There have been a few blog reviews of this novel recently. See Stuck-in-a-Book
Review by Thecla W:
Patricia Brent is 24, secretary to an MP, Arthur Bonsor, and living in the Galvin House Residential Hotel. One day she overhears two of the older ladies who live there talking about her. They are pitying her because she doesn’t have a young man even though she’s “really not bad-looking”. Her feeling of mortification leads her to invent a fiance, a major in the Army, with whom she is dining the following evening at the Quadrant Grill Room. Having done this, she feels she has to go there and finds that three of her fellow residents are also there. She notices a young officer sitting alone who is watching her. She sits down at his table, saying “Please play up to me, I’m in an awful hole. I’ll explain presently”. She does so, they get on well but Patricia doesn’t expect to see him again nor to discover that he is, in fact, Lord Peter Bowen MC, DSO. He tries to woo Patricia but she is very uncomfortable at how their relationship began and tries to discourage him. But other characters are enlisted on Peter’s side and the rest of the novel shows how the courtship progresses.

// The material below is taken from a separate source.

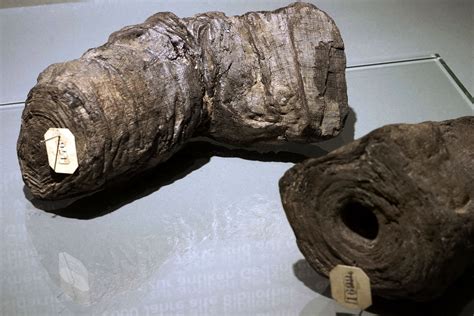 papyrus herculanum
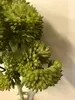 1. 'Cauliflower' Succulent on Stem 18cm thumbnail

This is a light, comic romantic novel and the conventional happy ending is never in doubt. The obstacles to the flowering of the romance come from Patricia. She is uncomfortable with the fact that she picked Peter up and says that “nothing can be built on such a foundation”. However, over the course of the novel, her reluctance to become involved with Peter is worn down his persistence and that of his sister, Lady Tanagra, friend, Geoffrey Elton, and Mr Triggs, a wealthy, self-made, cockney businessman who is father-in-law to Patricia’s employer.
The romantic part of the story follows conventional lines and is mildly humorous.

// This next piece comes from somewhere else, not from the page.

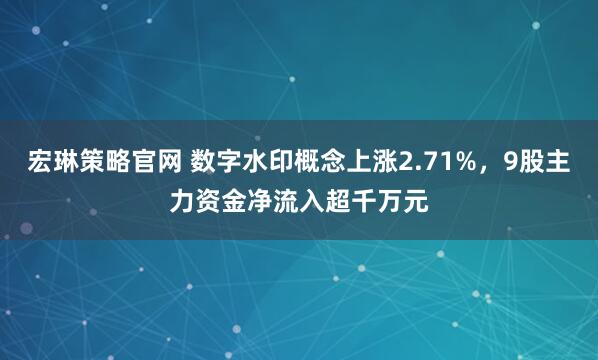 宏琳策略官网 数字水印概念上涨2.71%，9股主力资金净流入超千万元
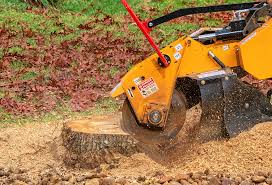 Best Storm Damage Tree Cleanup  in Arcadia, WI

The leading characters are rather two-dimensional although Patricia has a self-awareness and a capacity for dry humor which are attractive, the latter particularly in evidence in conversations with her interfering Aunt Adelaide. Patricia is described as “essentially feminine, and liked having things decided for her”. And Jenkins’ comedy does largely rely on conventional stereotypes. For example, Aunt Adelaide is portrayed thus,
“Miss Brent was a tall, angular woman, with spinster shouting from every angle of her uncomely person”.

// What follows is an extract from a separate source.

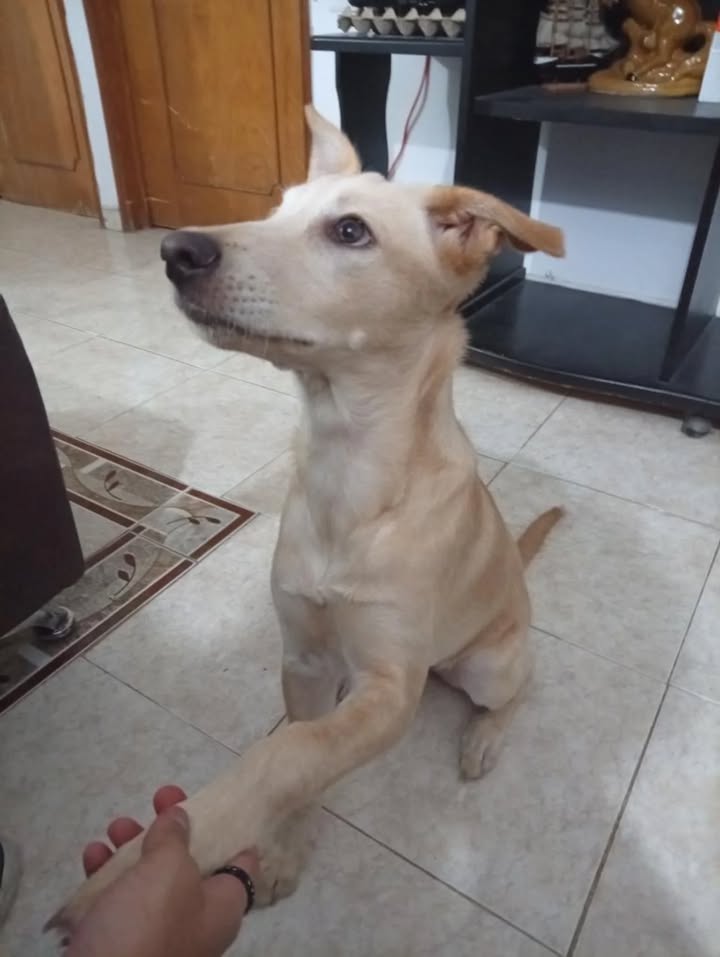 Celeste busca hogar en Risaralda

It also relies on mockery, sometimes with a slightly cruel edge. This is apparent in the treatment of the residents of the Galvin House. It is possibly deserved by Miss Wangle and Mrs Mosscrop-Smythe, the unkind pair whose conversation Patricia had overheard. Miss Wangle, the great-niece of a bishop, to whom she constantly refers, is “acid of speech and barren of pity. Scandal and ‘ the dear bishop’ were her chief preoccupations”. While her “toady”, Mrs Mosscrop-Smythe “wrapped her venom in Christian charity, thus making herself the more dangerous of the two”. But the other harmless residents are treated in a similar fashion with Jenkins particularly keen to mock their appearance. Mr Sefton, for example, is said to show “the qualities of a landscape gardener in the way in which he arranged his thin fair hair to disguise the desert of baldness beneath”. And their clothes are routinely described in a way that makes them figures of fun.
Mr Triggs is treated much more sympathetically. His style of dress is equally objectionable. “He leaned towards checks, rather loud checks, trousers that were tight about the calf, and a coat that was a sporting conception of the morning coat, with a large flapped pocket on either side”. But he is a cheerful, successful character with a good heart who is regarded affectionately by the younger characters as well as by the author and any mockery is gentle and kindly.
The romantic story is fun and a very easy read. But these contrasting attitudes towards the different characters and the undertone of cruelty left me feeling slightly uncomfortable. At times it seemed that some of the hotel residents were being mocked just for being lonely, unsuccessful and badly dressed. Jenkins devotes many lines to making fun of people’s sartorial errors. However, humor based on mocking the less fortunate usually finds a market and I expect it was so in 1918.